Work to complete: Starting with the line containing "Calkin Algebras and" and going on through the line containing "Rubber Buffer, muffler (0158)", return the lines of the data below exactly, and only those.

Records shown:

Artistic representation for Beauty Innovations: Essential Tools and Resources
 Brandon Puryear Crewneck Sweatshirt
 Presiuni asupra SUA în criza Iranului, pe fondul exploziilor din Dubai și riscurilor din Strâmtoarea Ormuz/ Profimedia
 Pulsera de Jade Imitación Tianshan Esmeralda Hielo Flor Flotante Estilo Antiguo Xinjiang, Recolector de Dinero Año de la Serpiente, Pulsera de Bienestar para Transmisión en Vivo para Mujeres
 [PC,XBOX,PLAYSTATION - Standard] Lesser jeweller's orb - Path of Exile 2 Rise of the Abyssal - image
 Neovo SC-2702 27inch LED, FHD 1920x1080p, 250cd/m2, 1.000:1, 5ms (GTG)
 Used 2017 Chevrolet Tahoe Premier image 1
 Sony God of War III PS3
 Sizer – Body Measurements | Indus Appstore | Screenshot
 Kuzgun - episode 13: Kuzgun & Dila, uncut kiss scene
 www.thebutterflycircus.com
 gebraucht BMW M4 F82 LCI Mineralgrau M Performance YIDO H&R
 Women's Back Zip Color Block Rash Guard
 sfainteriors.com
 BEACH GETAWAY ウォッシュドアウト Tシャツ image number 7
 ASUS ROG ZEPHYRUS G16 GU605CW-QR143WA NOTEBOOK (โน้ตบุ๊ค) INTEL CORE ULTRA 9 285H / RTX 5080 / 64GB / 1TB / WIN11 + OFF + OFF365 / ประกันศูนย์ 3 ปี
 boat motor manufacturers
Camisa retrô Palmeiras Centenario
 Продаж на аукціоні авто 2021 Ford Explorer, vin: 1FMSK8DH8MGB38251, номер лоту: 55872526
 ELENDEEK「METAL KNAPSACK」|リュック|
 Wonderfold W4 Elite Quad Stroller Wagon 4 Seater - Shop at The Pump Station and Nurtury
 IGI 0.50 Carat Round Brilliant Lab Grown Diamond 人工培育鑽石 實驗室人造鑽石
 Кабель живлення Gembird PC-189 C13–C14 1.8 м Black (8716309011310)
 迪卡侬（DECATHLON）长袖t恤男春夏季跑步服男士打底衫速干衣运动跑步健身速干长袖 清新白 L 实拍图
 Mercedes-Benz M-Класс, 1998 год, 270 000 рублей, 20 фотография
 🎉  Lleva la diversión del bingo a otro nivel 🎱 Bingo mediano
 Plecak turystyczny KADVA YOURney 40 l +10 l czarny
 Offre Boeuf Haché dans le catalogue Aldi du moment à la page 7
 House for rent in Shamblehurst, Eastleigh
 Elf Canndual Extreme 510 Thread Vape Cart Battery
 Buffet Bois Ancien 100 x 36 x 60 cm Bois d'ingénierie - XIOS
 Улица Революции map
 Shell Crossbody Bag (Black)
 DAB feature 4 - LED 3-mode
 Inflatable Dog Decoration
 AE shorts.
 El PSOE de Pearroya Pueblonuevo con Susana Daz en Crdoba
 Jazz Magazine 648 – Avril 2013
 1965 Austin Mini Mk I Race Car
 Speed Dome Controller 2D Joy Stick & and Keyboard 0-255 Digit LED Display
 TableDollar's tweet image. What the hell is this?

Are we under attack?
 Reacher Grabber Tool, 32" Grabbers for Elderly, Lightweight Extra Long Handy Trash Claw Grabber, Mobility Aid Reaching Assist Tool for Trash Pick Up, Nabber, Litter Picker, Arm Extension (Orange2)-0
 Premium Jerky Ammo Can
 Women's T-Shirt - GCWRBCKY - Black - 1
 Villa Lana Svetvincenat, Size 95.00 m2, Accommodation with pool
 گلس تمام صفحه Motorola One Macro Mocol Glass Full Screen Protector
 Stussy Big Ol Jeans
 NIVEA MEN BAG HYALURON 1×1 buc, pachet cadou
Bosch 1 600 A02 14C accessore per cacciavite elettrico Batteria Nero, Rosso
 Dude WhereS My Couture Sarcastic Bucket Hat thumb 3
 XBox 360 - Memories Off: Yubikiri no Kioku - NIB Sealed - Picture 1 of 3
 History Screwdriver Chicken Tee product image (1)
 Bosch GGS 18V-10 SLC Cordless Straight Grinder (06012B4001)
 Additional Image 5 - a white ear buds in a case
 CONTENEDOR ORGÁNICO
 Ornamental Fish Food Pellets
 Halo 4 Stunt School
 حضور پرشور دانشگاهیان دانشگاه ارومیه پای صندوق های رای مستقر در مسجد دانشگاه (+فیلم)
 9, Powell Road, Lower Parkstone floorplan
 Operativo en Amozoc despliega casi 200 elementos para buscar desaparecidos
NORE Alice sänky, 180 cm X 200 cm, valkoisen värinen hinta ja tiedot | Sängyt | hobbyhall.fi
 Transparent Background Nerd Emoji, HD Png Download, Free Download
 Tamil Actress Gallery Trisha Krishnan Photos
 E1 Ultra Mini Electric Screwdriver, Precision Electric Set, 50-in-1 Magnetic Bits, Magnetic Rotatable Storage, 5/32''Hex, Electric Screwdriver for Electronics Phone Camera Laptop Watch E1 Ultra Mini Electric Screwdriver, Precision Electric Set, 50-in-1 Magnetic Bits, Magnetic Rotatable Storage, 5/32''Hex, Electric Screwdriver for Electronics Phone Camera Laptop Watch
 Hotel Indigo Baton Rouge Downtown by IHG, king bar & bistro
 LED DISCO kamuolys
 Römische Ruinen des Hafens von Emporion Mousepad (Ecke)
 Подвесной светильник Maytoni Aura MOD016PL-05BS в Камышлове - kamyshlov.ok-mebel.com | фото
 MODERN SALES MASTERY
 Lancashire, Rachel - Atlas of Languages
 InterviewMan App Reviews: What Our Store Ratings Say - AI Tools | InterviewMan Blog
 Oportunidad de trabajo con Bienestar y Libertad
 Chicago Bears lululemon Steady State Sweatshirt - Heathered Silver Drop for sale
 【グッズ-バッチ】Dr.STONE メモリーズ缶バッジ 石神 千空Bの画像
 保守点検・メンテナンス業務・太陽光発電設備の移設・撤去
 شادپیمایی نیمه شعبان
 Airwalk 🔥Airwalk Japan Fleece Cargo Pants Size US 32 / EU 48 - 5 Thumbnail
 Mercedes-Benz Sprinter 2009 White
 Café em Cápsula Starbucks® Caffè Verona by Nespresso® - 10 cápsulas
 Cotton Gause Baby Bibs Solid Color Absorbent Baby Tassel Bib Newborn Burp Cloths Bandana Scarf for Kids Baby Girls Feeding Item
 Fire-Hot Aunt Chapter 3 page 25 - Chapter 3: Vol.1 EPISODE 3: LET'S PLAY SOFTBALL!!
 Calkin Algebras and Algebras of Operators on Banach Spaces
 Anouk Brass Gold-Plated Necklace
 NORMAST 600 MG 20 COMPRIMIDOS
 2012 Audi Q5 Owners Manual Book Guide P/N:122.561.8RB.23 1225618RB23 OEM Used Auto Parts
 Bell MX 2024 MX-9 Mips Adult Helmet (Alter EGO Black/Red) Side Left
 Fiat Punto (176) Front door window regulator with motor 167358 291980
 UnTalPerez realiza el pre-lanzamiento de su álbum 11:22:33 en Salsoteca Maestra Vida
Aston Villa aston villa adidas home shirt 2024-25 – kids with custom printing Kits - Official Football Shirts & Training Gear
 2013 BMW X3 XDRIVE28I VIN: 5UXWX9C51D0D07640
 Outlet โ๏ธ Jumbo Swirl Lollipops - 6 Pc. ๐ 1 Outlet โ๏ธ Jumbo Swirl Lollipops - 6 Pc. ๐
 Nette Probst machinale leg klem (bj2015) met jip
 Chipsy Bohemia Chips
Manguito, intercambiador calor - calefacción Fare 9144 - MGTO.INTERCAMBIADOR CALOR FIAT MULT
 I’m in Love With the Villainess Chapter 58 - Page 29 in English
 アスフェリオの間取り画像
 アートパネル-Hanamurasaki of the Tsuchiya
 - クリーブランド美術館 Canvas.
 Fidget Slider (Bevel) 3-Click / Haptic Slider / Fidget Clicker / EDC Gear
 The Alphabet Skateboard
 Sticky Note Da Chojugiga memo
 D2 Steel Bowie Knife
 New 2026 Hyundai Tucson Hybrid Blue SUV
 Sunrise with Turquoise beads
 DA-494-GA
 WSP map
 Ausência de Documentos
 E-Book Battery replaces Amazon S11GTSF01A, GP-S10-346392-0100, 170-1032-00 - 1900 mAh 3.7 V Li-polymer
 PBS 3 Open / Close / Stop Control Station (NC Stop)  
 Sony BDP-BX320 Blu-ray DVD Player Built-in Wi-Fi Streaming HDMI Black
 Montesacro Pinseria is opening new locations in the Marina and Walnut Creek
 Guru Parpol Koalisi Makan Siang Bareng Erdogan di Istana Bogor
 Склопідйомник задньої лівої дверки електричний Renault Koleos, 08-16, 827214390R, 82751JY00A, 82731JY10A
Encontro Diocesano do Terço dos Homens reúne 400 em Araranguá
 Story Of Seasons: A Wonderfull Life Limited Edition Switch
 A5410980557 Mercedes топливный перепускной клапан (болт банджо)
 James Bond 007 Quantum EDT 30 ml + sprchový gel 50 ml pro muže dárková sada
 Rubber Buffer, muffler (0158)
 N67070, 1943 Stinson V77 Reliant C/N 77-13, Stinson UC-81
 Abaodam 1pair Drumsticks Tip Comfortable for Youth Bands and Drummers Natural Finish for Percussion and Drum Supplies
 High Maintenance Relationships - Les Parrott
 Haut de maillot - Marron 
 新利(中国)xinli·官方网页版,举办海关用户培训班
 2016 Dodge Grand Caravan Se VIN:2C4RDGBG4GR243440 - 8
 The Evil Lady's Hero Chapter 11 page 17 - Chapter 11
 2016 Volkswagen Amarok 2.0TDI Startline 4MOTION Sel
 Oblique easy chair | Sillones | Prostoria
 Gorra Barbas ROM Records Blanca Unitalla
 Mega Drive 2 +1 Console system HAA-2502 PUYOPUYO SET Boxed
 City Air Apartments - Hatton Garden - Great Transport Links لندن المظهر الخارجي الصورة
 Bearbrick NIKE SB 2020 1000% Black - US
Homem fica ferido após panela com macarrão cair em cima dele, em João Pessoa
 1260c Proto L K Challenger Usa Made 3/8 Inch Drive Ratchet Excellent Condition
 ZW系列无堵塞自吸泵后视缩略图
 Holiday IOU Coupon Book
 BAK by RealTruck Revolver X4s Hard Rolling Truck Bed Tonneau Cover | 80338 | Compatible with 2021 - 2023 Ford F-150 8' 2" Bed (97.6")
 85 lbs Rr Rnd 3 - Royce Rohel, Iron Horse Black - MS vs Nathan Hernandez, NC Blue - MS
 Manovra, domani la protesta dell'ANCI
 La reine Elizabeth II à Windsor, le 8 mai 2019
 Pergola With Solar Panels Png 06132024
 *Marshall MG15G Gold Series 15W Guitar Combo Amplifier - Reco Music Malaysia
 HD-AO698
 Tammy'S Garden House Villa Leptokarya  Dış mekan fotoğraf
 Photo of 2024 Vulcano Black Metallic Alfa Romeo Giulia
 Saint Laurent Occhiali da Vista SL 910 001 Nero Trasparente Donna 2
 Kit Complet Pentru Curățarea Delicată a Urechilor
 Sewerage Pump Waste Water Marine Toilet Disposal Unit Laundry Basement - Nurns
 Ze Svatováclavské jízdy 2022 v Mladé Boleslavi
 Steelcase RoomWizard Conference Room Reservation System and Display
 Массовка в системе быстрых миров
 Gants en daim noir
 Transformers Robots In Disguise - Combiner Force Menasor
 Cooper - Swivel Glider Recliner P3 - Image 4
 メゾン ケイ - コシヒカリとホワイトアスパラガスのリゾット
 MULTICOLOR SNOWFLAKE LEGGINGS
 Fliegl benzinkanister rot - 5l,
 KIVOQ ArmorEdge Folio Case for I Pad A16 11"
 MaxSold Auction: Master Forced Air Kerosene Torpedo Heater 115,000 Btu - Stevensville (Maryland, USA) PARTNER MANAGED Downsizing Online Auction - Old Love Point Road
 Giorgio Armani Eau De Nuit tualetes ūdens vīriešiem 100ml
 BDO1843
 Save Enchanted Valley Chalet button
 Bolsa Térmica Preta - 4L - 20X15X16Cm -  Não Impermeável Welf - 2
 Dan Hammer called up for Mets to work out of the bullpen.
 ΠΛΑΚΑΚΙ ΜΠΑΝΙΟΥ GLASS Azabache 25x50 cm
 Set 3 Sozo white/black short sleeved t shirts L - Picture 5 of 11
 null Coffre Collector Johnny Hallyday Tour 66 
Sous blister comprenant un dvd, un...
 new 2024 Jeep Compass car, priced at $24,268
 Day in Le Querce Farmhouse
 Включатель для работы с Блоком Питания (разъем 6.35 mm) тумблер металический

Answer to the problem:
 Calkin Algebras and Algebras of Operators on Banach Spaces
 Anouk Brass Gold-Plated Necklace
 NORMAST 600 MG 20 COMPRIMIDOS
 2012 Audi Q5 Owners Manual Book Guide P/N:122.561.8RB.23 1225618RB23 OEM Used Auto Parts
 Bell MX 2024 MX-9 Mips Adult Helmet (Alter EGO Black/Red) Side Left
 Fiat Punto (176) Front door window regulator with motor 167358 291980
 UnTalPerez realiza el pre-lanzamiento de su álbum 11:22:33 en Salsoteca Maestra Vida
Aston Villa aston villa adidas home shirt 2024-25 – kids with custom printing Kits - Official Football Shirts & Training Gear
 2013 BMW X3 XDRIVE28I VIN: 5UXWX9C51D0D07640
 Outlet โ๏ธ Jumbo Swirl Lollipops - 6 Pc. ๐ 1 Outlet โ๏ธ Jumbo Swirl Lollipops - 6 Pc. ๐
 Nette Probst machinale leg klem (bj2015) met jip
 Chipsy Bohemia Chips
Manguito, intercambiador calor - calefacción Fare 9144 - MGTO.INTERCAMBIADOR CALOR FIAT MULT
 I’m in Love With the Villainess Chapter 58 - Page 29 in English
 アスフェリオの間取り画像
 アートパネル-Hanamurasaki of the Tsuchiya
 - クリーブランド美術館 Canvas.
 Fidget Slider (Bevel) 3-Click / Haptic Slider / Fidget Clicker / EDC Gear
 The Alphabet Skateboard
 Sticky Note Da Chojugiga memo
 D2 Steel Bowie Knife
 New 2026 Hyundai Tucson Hybrid Blue SUV
 Sunrise with Turquoise beads
 DA-494-GA
 WSP map
 Ausência de Documentos
 E-Book Battery replaces Amazon S11GTSF01A, GP-S10-346392-0100, 170-1032-00 - 1900 mAh 3.7 V Li-polymer
 PBS 3 Open / Close / Stop Control Station (NC Stop)  
 Sony BDP-BX320 Blu-ray DVD Player Built-in Wi-Fi Streaming HDMI Black
 Montesacro Pinseria is opening new locations in the Marina and Walnut Creek
 Guru Parpol Koalisi Makan Siang Bareng Erdogan di Istana Bogor
 Склопідйомник задньої лівої дверки електричний Renault Koleos, 08-16, 827214390R, 82751JY00A, 82731JY10A
Encontro Diocesano do Terço dos Homens reúne 400 em Araranguá
 Story Of Seasons: A Wonderfull Life Limited Edition Switch
 A5410980557 Mercedes топливный перепускной клапан (болт банджо)
 James Bond 007 Quantum EDT 30 ml + sprchový gel 50 ml pro muže dárková sada
 Rubber Buffer, muffler (0158)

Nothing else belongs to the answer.